The highlight of Connolly Strombeck’s neoclassical Bloom is a romantic pas de deux between Madeline Coury and Robert Burns Lowman. Lowman lifts Coury to his shoulder, her body beautifully arced, before she curves down and around his chest, drawing applause mid-piece.
Choreographer Vinnie Jones’s Il Purgatorio features a distressed Matthew Ebert and an elegant Marinna Kus. While he arches and tumbles on the floor, she glides effortlessly along. He is in her thrall. Alone with his thoughts, his head in his hands, three striking women in blood-red dresses approach. Envying their nimbleness, Ebert copies them, dancing on his toes his arms gracefully spread, before dropping to the floor, in a crisis of confidence. An excellent actor we feel Ebert’s struggle as his certainty vacillates. Conquering his demons, he exits with a large leap, leaving Kus diminished on her knees.
It is refreshing to see Oceánica Ballet embrace non-traditional casting in both Robert Burns Lowman’s Echoes and Vinnie Jones’s The Lake. Blind casting, in which casting decisions are made without consideration of skin color, body shape, sex or gender, is fairly common in theaters and contemporary dance settings, it is more rarely seen in classical ballet.
Echoes, performed to Debussy’s Clair du Lune, features six dancers dressed in long grey China silk skirts: five women and one man, Edgar Lepe. Their movement is nearly identical. Though the women’s toe-shoes allow them to rise higher, Lepe is just one of them. Lowman’s pacing is unhurried, permitting us time to appreciate the dancers’ curved torsos, as they arch toward their side-kicking toes.
Patience Gordon in white shorts and Rowan Williams in a layered handkerchief-hemmed white dress perform a reimagined White Swan Pas de Deux in Vinnie Jones’s The Lake. Their pairing is playful and assured. Gordon leans into Williams, who on bended-knee catches her waist and lifts her tenderly. They switch places and now Williams’s willowy swan arms are lifting Gordon. While the program notes this is a duet for two women, it seems it could be danced by any two dancers, regardless of gender.
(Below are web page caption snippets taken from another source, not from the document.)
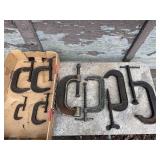 C-Clamp Assortment ,8 count lot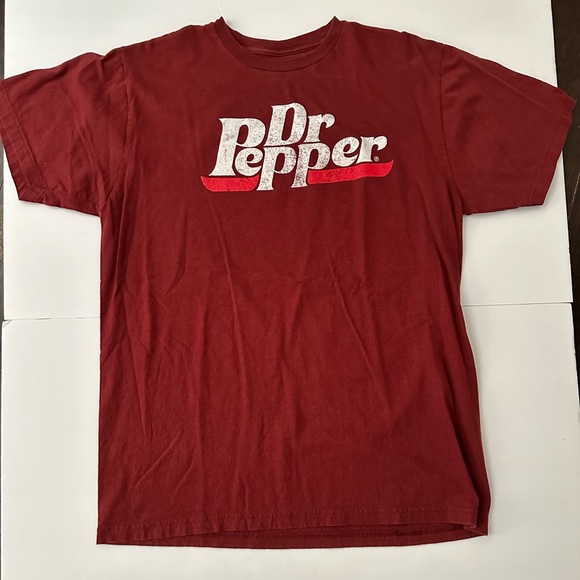 Mens Dr Pepper maroon tshirt - Picture 1 of 7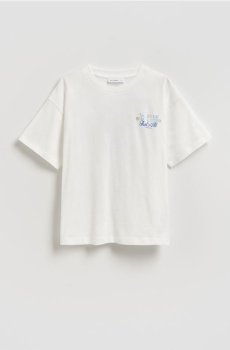 Reserved - Футболка з принтом на спині - кремовий - 978HT-01X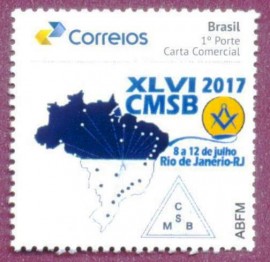 Brasil -2017-m[MINT -  XLVI AGO-CMSB -Rio de Janeiro - 2017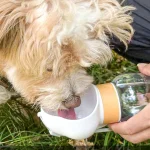 ظرف و قمقمه آب و غذا سگ و گربه پرتابل ابری ظرفیت 360 میلی لیتر Cloud Portable Water Bottle - تصویر 6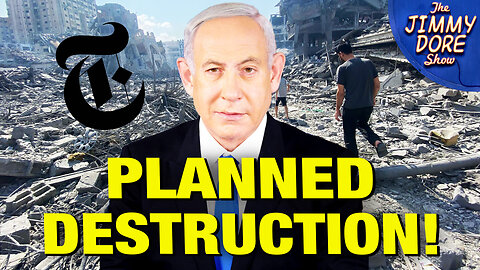 NY Times FINALLY Realizes Israel Is Intentionally Flattening Gaza! w/ Norman Finkelstein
Choreographer and costume designer Edgar Lepe creates a supernatural world for A Soul’s Dream. Danced to Zoe Keating’s atmospheric electronic cello layering, the performers in nude leotards, with black streaks in place of eyes, move mechanically. Their bodies stiff, arms plastered to their sides, they skitter through space, expressionless. The occasional smirk looks like a mistake, until I recall a program note referencing suppressed emotions leaking through.
Oceánica Ballet: Bows for Choreographer and costumer Edgar Lepe's A Soul's Dream photo: J. Norris
Andrea Salazar’s modern dance quartet, Shaped, makes a suitable finale. Gordon and Williams, from The Lake, are joined by Nicole Khoo and Marinna Kus. Grounded on flat flexed feet, they fold at the waist. The release of breath is audible as they fling their arms skyward. Their descending hands brush their cheeks. Cocked elbows jut out as their hands rest above and below their heads Interdependencies evolve, as they group and regroup. When Khoo has a crisis, struggling on the floor, the others lift and support her. An intriguing dance maker, I hope to see more of Salazar’s work, perhaps on her company A Pulso Dance Project.
Oceánica Ballet: Bows for Andrea Salazar's Shaped; Photo J. Norris
Oceánica Ballet’s EVOLUTION is a step in their evolution. It will be interesting to see what comes next. The audience was meager for Friday night’s show. With so many locally-based artists involved, one would expect family and friends to have filled the opening night seats. Perhaps programming a four-performance run was a stretch. Their 2023 season continues August 19-20 at the Hillier Aviation Museum, and then November 10-12 at ODC Theater.